Was Geldmangel ist, erfährt jedes fünfte Kind in der Bundesrepublik sehr früh.

Der Paritätische Gesamtverband bezeichnet in seinem jährlichen Armutsbericht »jede Person als einkommensarm, die mit ihrem Einkommen unter 60 Prozent des mittleren Einkommens liegt«. Nach Einschätzung des Wohlfahrtsverbandes liegt Armut nämlich nicht erst vor, wenn ein Mensch in tiefem Elend lebt, sondern auch bei »gesellschaftlichem Ausschluss« und mangelnder Teilhabe am kulturellen Leben und an Bildung. Den Terminus »armutsgefährdet«, den das Statistische Bundesamt für Menschen mit eben jenen weniger als 60 Prozent des mittleren Einkommens verwendet, hält der Verband für einen Euphemismus.

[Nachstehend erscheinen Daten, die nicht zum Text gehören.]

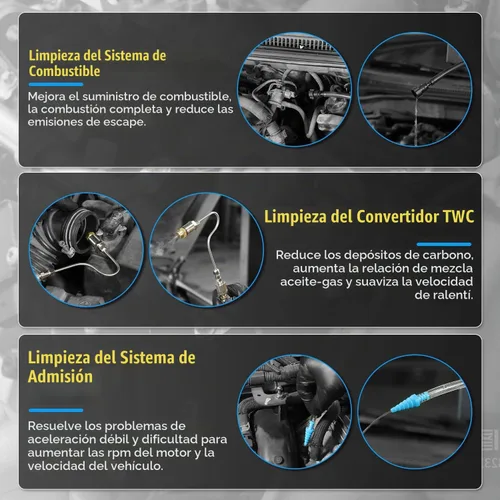 Vista 3 de Kit de herramientas de limpieza de inyector de combustible, limpiador de sistema de combustible sin desmontaje, 33.8 fl oz, 150 PSI, kit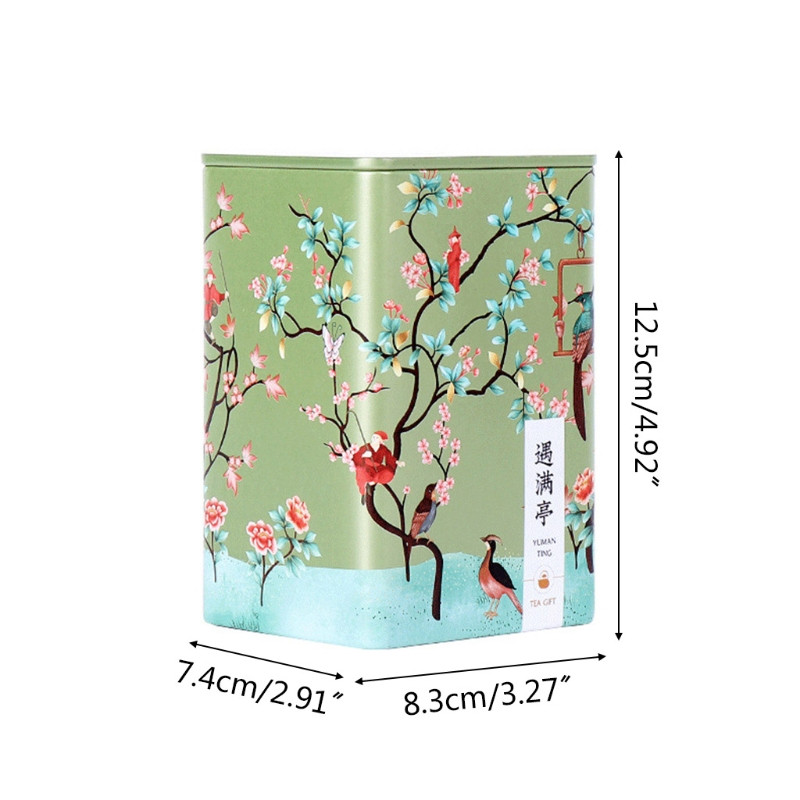 Ķīniešu stila tējas kārba Mitrumizturīgs dzelzs trauks Vintage virtuves uzglabāšanas kaste Cukura turētāja kannas Cepumu burka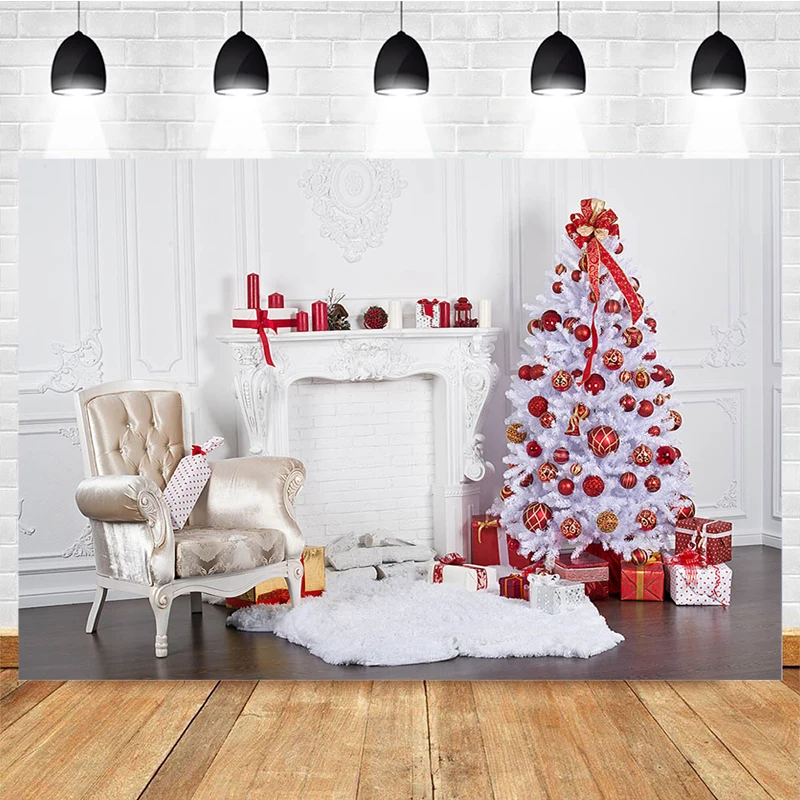 

Mocsicka Christmas Photography Background Christmas Tree Fireplace Fresh Decoration Child Portrait Photo Backdrop Studio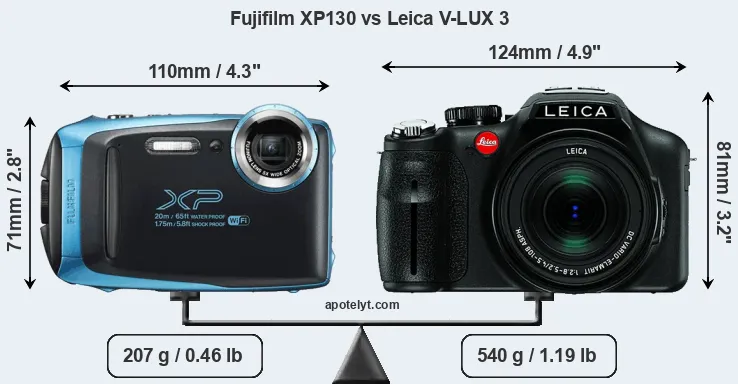 Size Fujifilm XP130 vs Leica V-LUX 3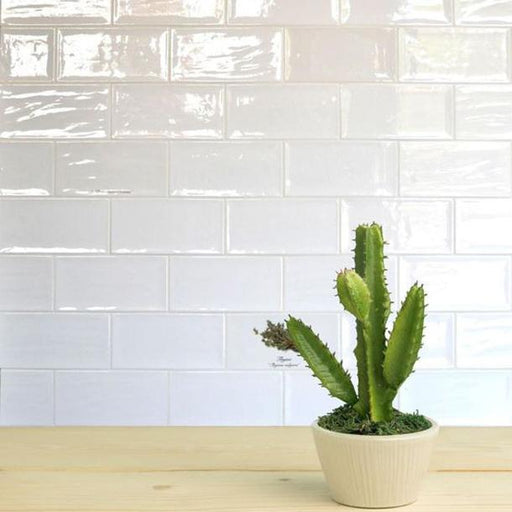 Artisan White Brick gloss tile 10x20cm-Brick style tiles-Fabresa-tile.co.uk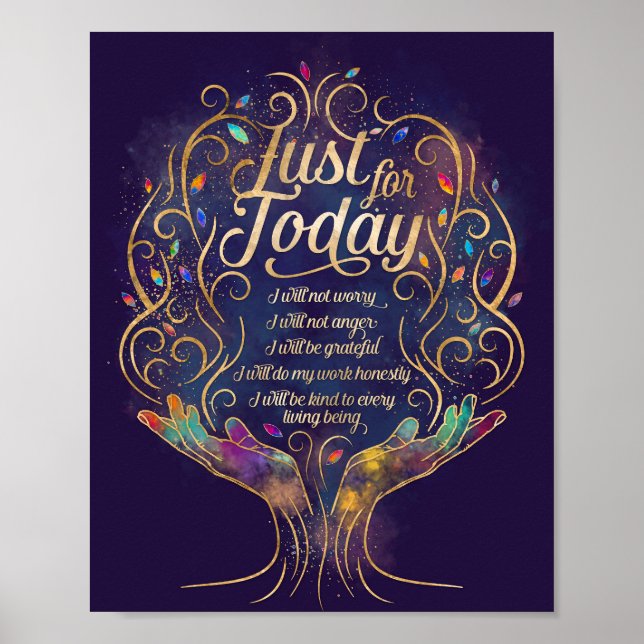 Allein für heute treten die Grundsätze von Reiki a Poster (Vorne)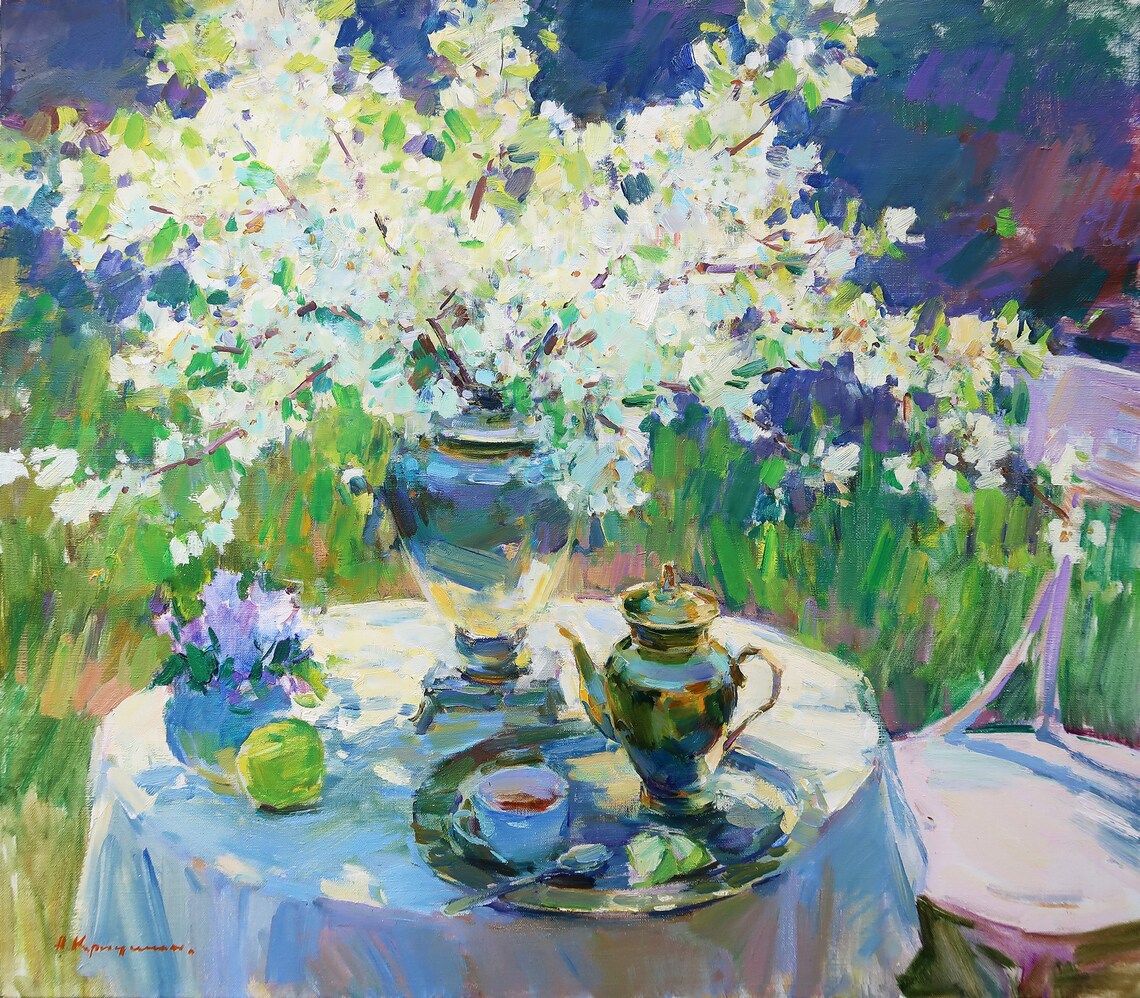 Spring Serenity With Cherry Blossoms, Still Life - Image 3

Gleichwohl wird der Begriff von der Behörde weiter verwendet. Am Mittwoch legte sie aktuelle Daten zur »Armutsgefährdungsquote« bei Kindern und Jugendlichen vor. Sie geht davon aus, dass eine solche Gefährdung unter den oben benannten Einkommensverhältnissen vorliegt. Die entsprechende Quote lag demnach bei Menschen unter 18 Jahren bei 14,8 Prozent. Das wären 2,2 Millionen Minderjährige in Deutschland. Das Statistikamt ergänzt aber, Armut sei ein »mehrdimensionales Phänomen«. Insgesamt sei 2022 »knapp jede oder jeder vierte« unter 18-Jährige in Deutschland »von Armut oder sozialer Ausgrenzung bedroht« gewesen.

Die Angaben zu Armut oder Armutsgefährdung von Kindern gehen trotz Nutzung derselben Datenquellen bei verschiedenen Akteuren weit auseinander. So ging der Paritätische Gesamtverband in seinem Armutsbericht von 21,3 Prozent bzw. mehr als 3 Millionen armen Kindern und Jugendlichen im Jahr 2021 aus. Mit Blick auf die Daten des Statistischen Bundesamtes für 2022 müsste die Zahl der Betroffenen also deutlich zurückgegangen sein. Doch die Bertelsmann-Stiftung nannte zuletzt auch für 2022 Angaben von 20 Prozent bzw. 2,88 Millionen armutsgefährdeten Mädchen und Jungen.

Unabhängig von Berechnungsmethoden: In jedem Fall sind es zu viele Kinder, die in einem reichen Land wie Deutschland stark benachteiligt sind, was ihren Zugang zu Mobilität, zu Bildungs- und Freizeitangeboten und nicht zuletzt ihre Wohnsituation betrifft. Die aktuellen Informationen des Statistikamtes belegen zudem einmal mehr, dass Armut quasi erblich ist. Denn von jenen Minderjährigen, deren Eltern etwa einen Haupt- oder Realschulabschluss ohne beruflichen Abschluss verfügten, gelten demnach 37,6 Prozent als armutsgefährdet. Dagegen sind nur 6,7 Prozent der Kinder in Akademiker- und sonstigen Haushalten, in denen Eltern einen höheren Bildungs- oder Berufsabschluss haben, arm oder von Armut bedroht.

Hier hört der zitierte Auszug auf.